La saison des débarquements à Lampedusa se poursuit en grand, il y avait longtemps qu'on n'avait pas vu un afflux aussi nombreux et les centres de premier accueil sont près d'exploser. Pourtant, dans les journaux et aux nouvelles télévisées, il est difficile de trouver trace de ces drames.

Quand on pense qu'il y a quelques semaines, ils étaient tous là à être émus des mots et de la présence du pape François à Lampedusa, pour pour avoir attiré l'attention sur le drame humain : les gros titres des journaux, des reportages interminables au JT, des politiciens de gauche jubilant - et plutôt pathétiques - qui pouvaient crier «Faites entrer tous les immigrants, le Pape le veut». Peu importe si le pape ne l'avait pas vraiment dit, ayant seulement fait résonner certaines questions («Adam, où es-tu?», «Caïn: Où est ton frère?») et expliqué que certaines situations viennent du fait d'avoir rejeté Dieu.

Le Pape à Lampedusa: il semble que des années soient passées, ni les journaux ni les politiciens n'accordent plus la moindre attention au véritable drame humain qui se déroule tous les jours.
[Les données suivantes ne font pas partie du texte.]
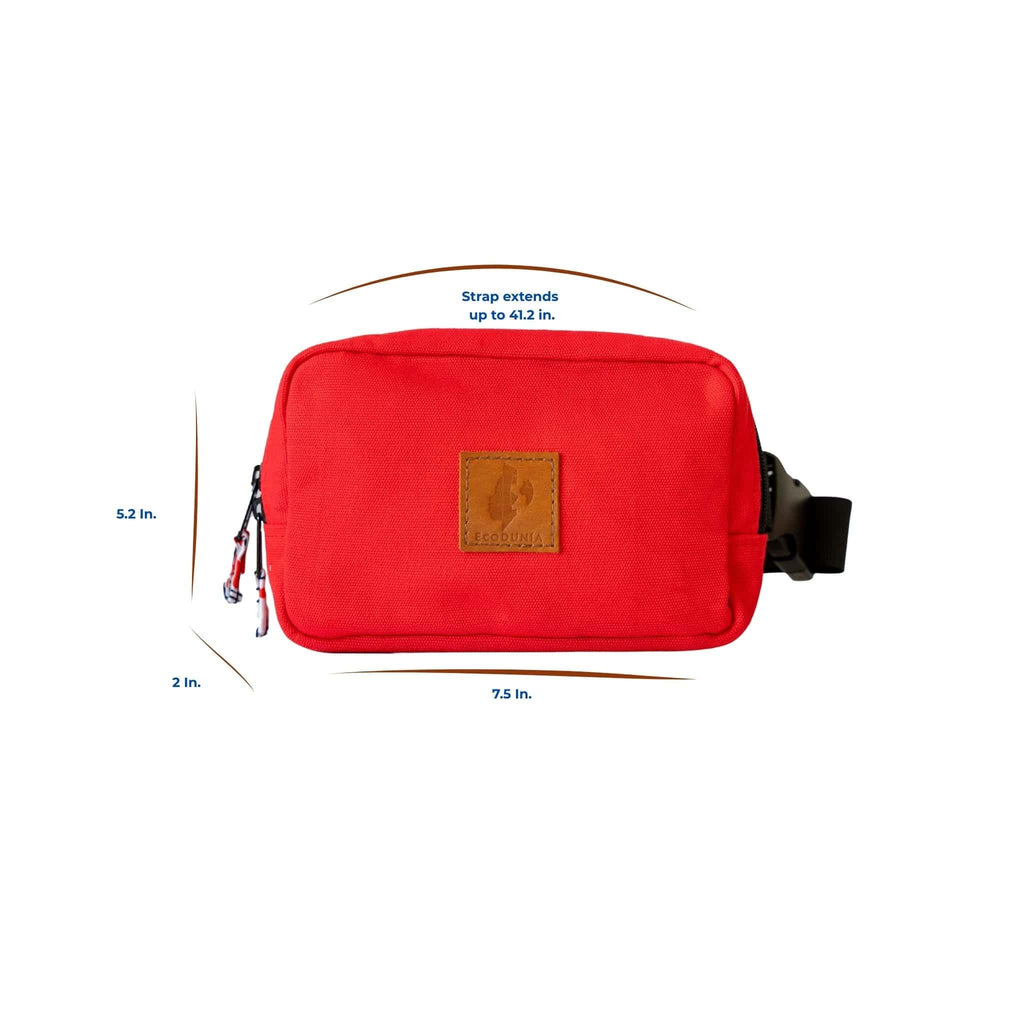 Canvas Crossbody Belt Bag Pouch, The Everywhere Belt Bag Fanny Packs La Vie Bien Canvas Crossbody Belt Bag Pouch, The Everywhere Belt Bag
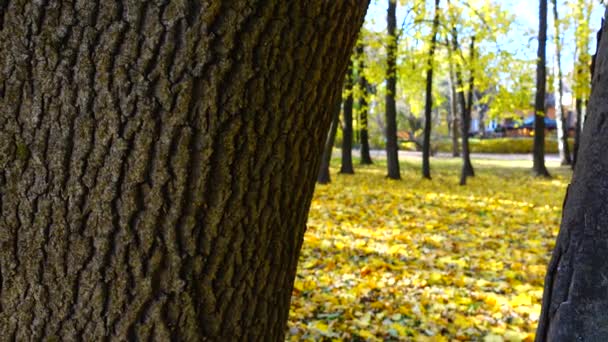 Trunks Van Eikenbomen Het Najaarspark — Stockvideo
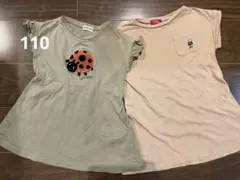 ワンピース110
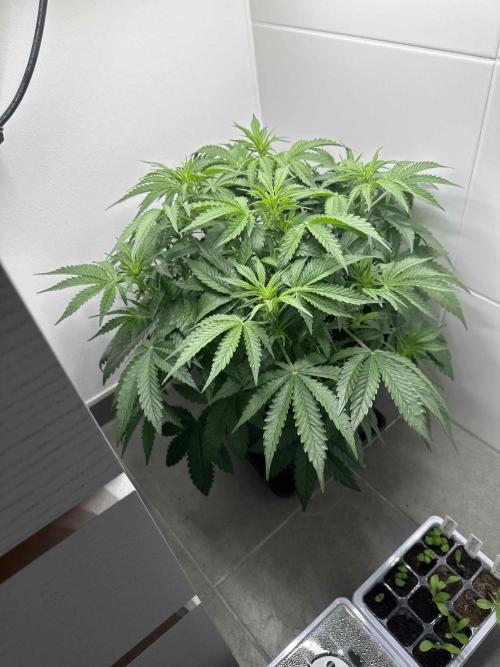 Cherry Cola RF3 - Fastbuds. Week 4 - day 31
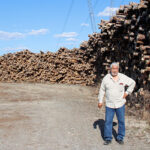 land-grab-quebecs-forestry-reforms-meet-widespread-resistance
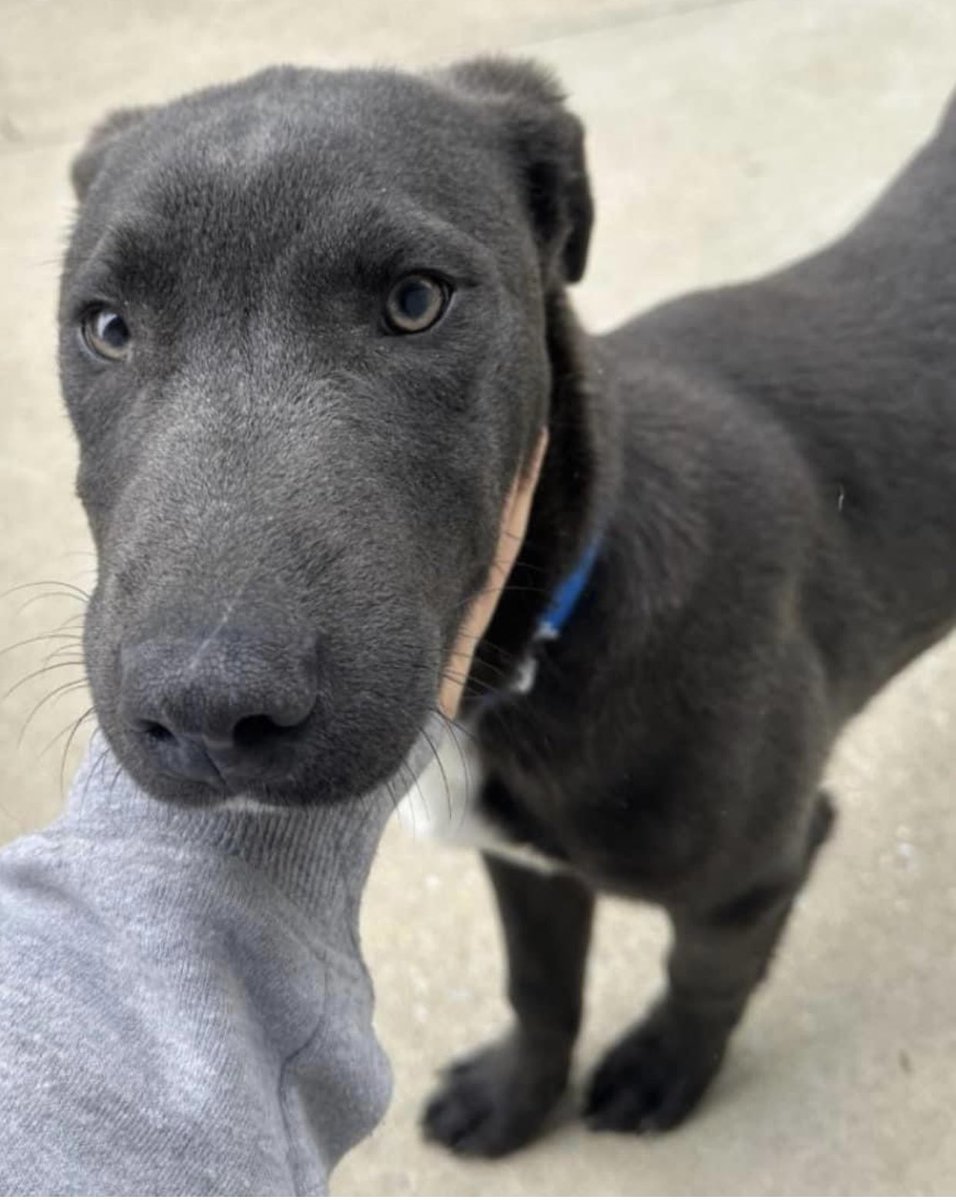 reddogsusie's tweet photo. #TN #MEMPHIS
🆘FINAL PLEA🆘Rocko 8mo boy Super Sweet, loving &amp; friendly-full of puppy love &amp; fun. OVERLOOKED in a packed shelter
💥MUST EXIT 4/20 - EUTH LISTED 4/21💥pls
🔹Adopt🔹Pledge🔹Rescue
🔹Foster #MASA22129
https://t.co/MSY3KptBJ4 https://t.co/jj7D2ltvwn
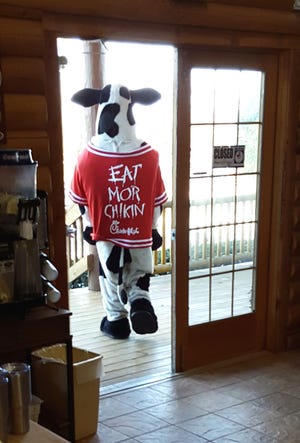 One of Chick-fil-A’s cow mascots walks out of the gift shop at the Hutchinson Zoo, where it visited on Friday, Jan. 6, 2017, for photos to promote the restaurant’s Jan. 26 opening.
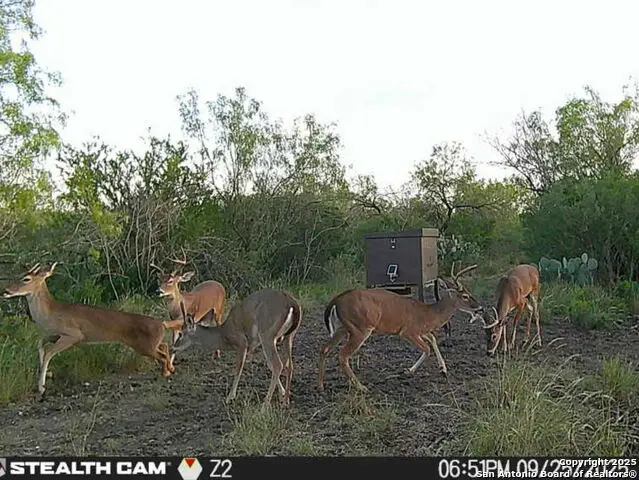 A-735 Franklin Ranch Road, Tilden, TX 78027 - Image #2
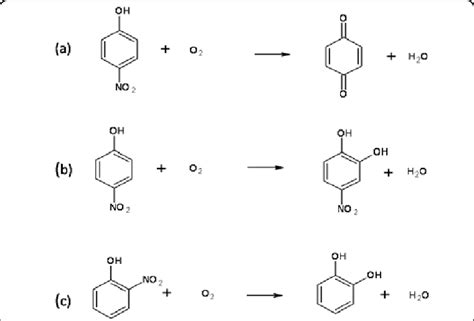 monooxygenase|monooxygenase definition.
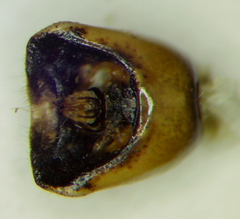 Euschistus biformis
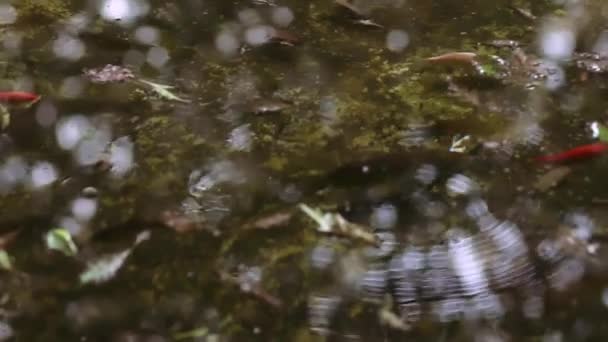 Ψάρια Κολυμπούν Στη Λίμνη Μέσα Στο Νερό Πολλά Φύλλα — Αρχείο Βίντεο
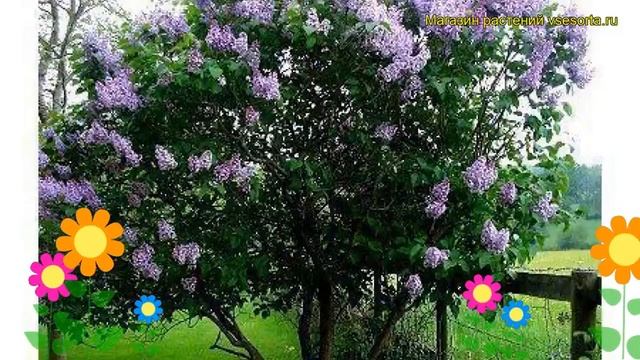 Сирень обыкновенная. Краткий обзор, описание характеристик syringa vulgaris смотреть онлайн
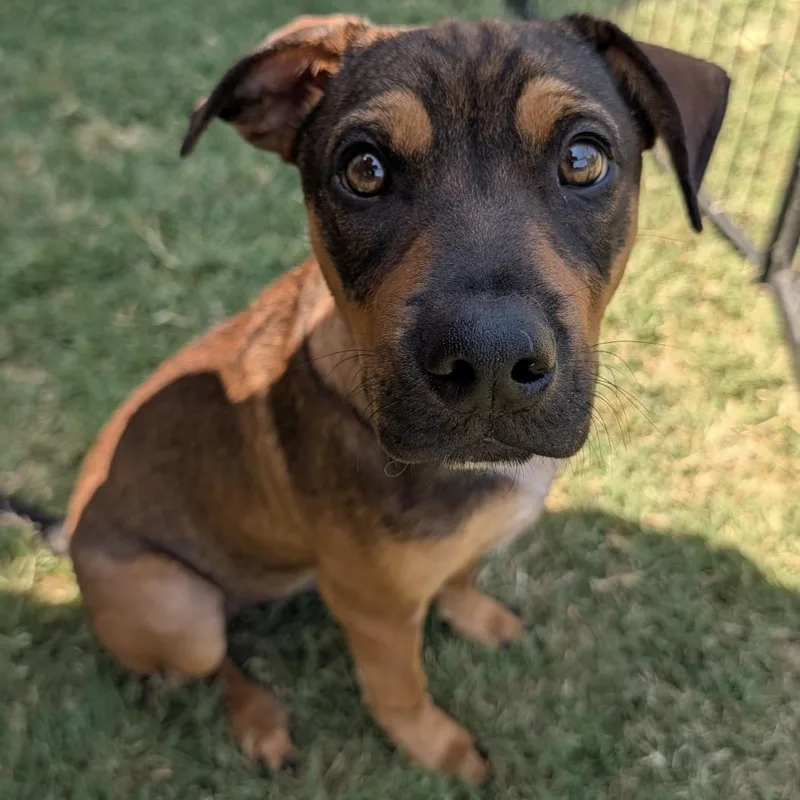 A baby medium-sized male Australian Cattle Dog / Blue Heeler dog named Cowboy for adoption in Krum, TX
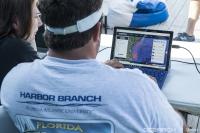 Scientists Track Habitat Use of Baby White Sharks in the North Atlantic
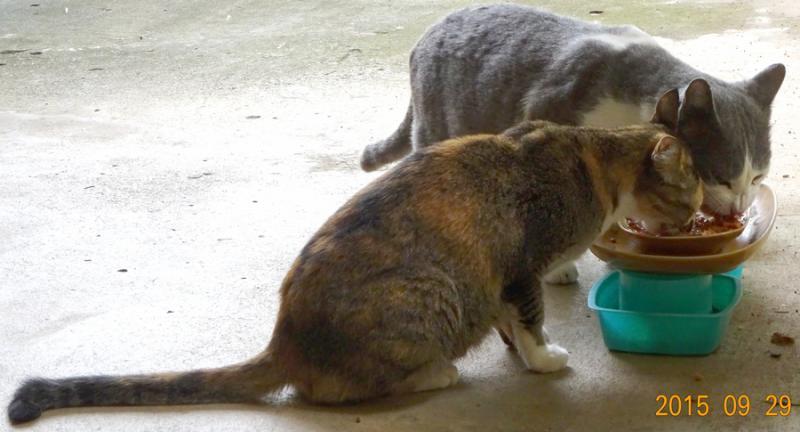 post-35489-0-88827700-1443593656_thumb.j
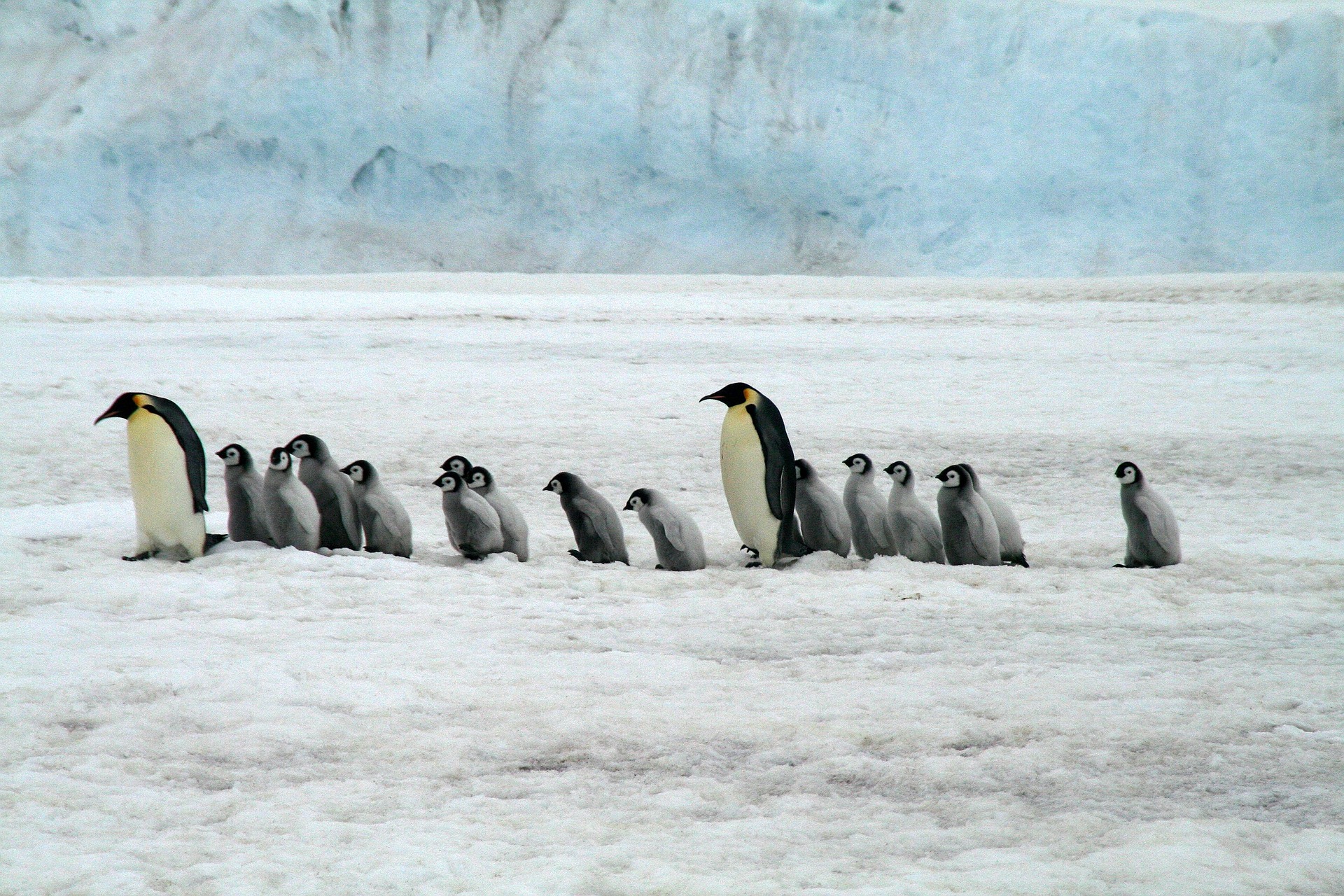 Kaiserpinguine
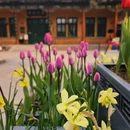 北京旅游 缩略图 4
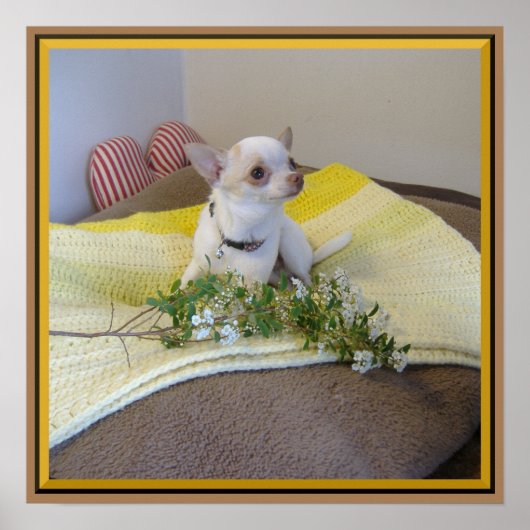 フラワーチワワのポスター ポスター (正面)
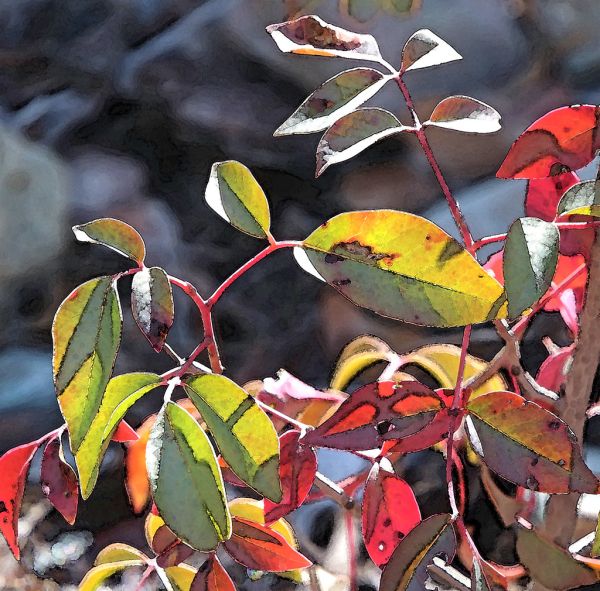EVERGREEN MOUNTAIN SUMAC - 3 - WATERCOLOR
Au moins jusqu'à la prochaine grande tragédie; alors recommencera le ballet qui permettra de vendre plus de journaux et aux politiciens de quatrième zone de se présenter comme les champions des pauvres et des exploités.

C'est la preuve que des pauvres migrants, de leur humanité blessée et souffrante, peu se soucient. Leur douleur, leur misère, est une marchandise tout juste bonne pour leurs intérêts et leurs calculs politiques.
Sinon, une quelconque initiative - nationale et internationale - aurait été pensée, mise en œuvre, une orientation politique aurait été donnée pour répondre le problème de l'immigration, en particulier de l'immigration clandestine. On aurait également valorisé les efforts de nos forces armées qui, ces dernières années ont permis de sauver des milliers de vies en Méditerranée.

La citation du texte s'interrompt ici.